● **Exercise**
In the copy of the lines below, leave out pictures and print everything else exactly.

● **Stored data**
*** Begin section ***

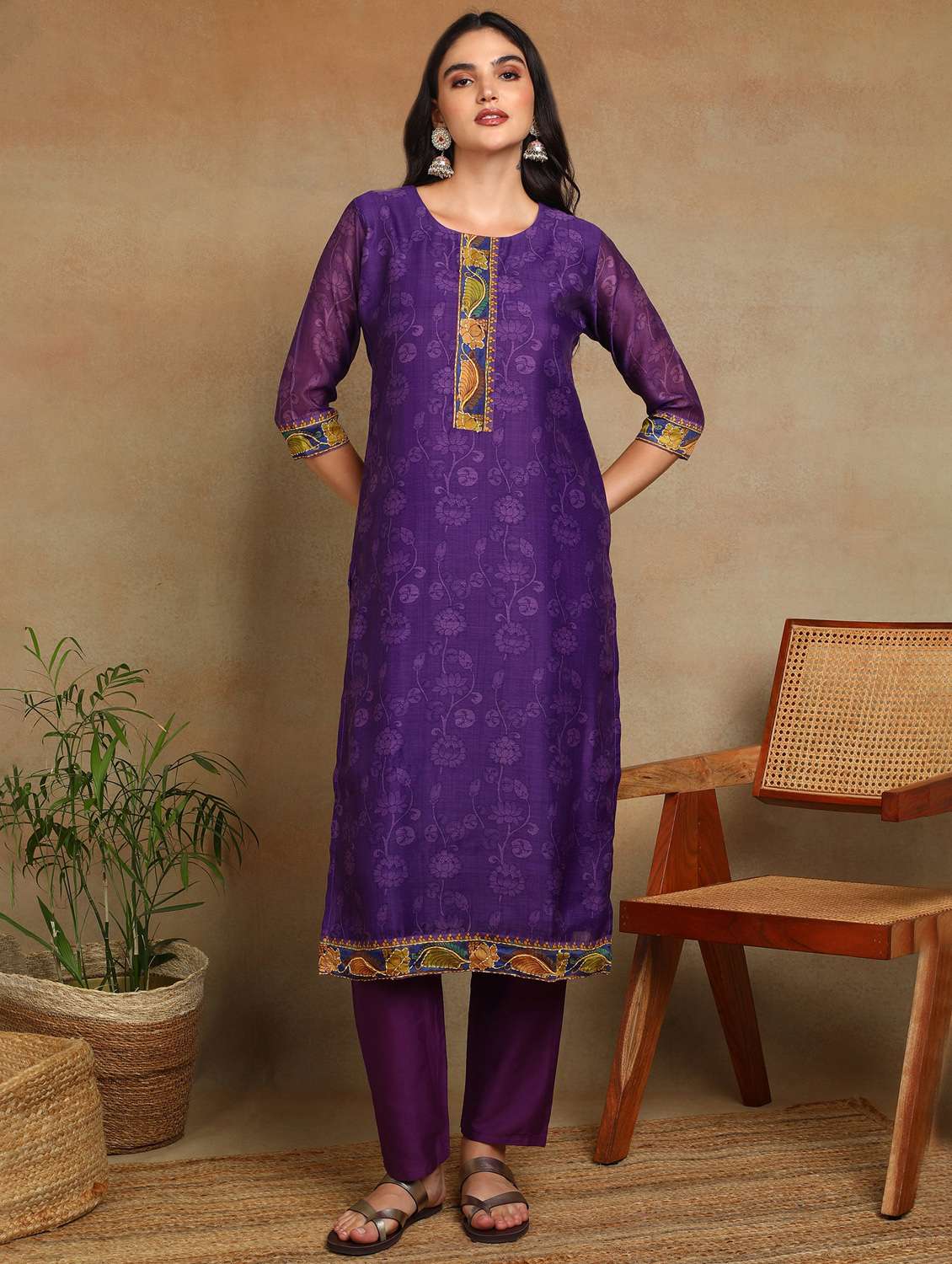 women three quarter sleeve kurta pant with dupatta set - 22068570 - Standard Image - 4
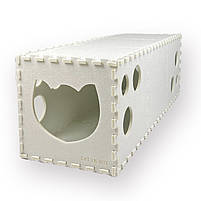 Будиночок - тунель трансформер для котиків у вигляді двоповерхового будиночка з фетру CAT IN BOX - білий, фото 2
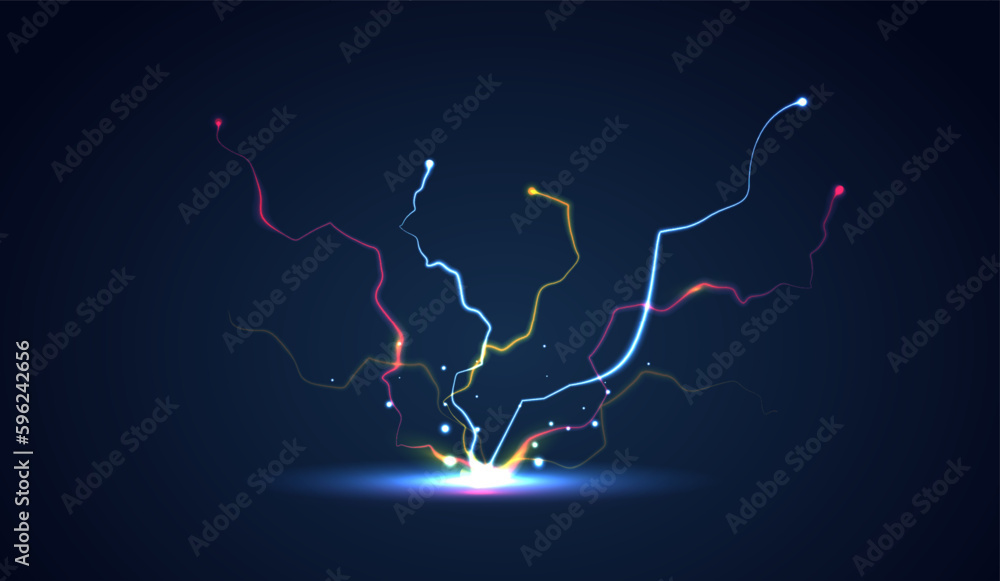Thunderbolt, electric isolated lightning, electric current line, blue magic ray, electricity visual effect for website, mobile app. vector design. Thunderbolt, electric isolated lightning, electric current line, blue magic ray, electricity visual effect for website, mobile app. vector design.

*** End section ***

● **Task output**
 women three quarter sleeve kurta pant with dupatta set - 22068570 - Standard Image - 4
 Будиночок - тунель трансформер для котиків у вигляді двоповерхового будиночка з фетру CAT IN BOX - білий, фото 2
Thunderbolt, electric isolated lightning, electric current line, blue magic ray, electricity visual effect for website, mobile app. vector design. Thunderbolt, electric isolated lightning, electric current line, blue magic ray, electricity visual effect for website, mobile app. vector design.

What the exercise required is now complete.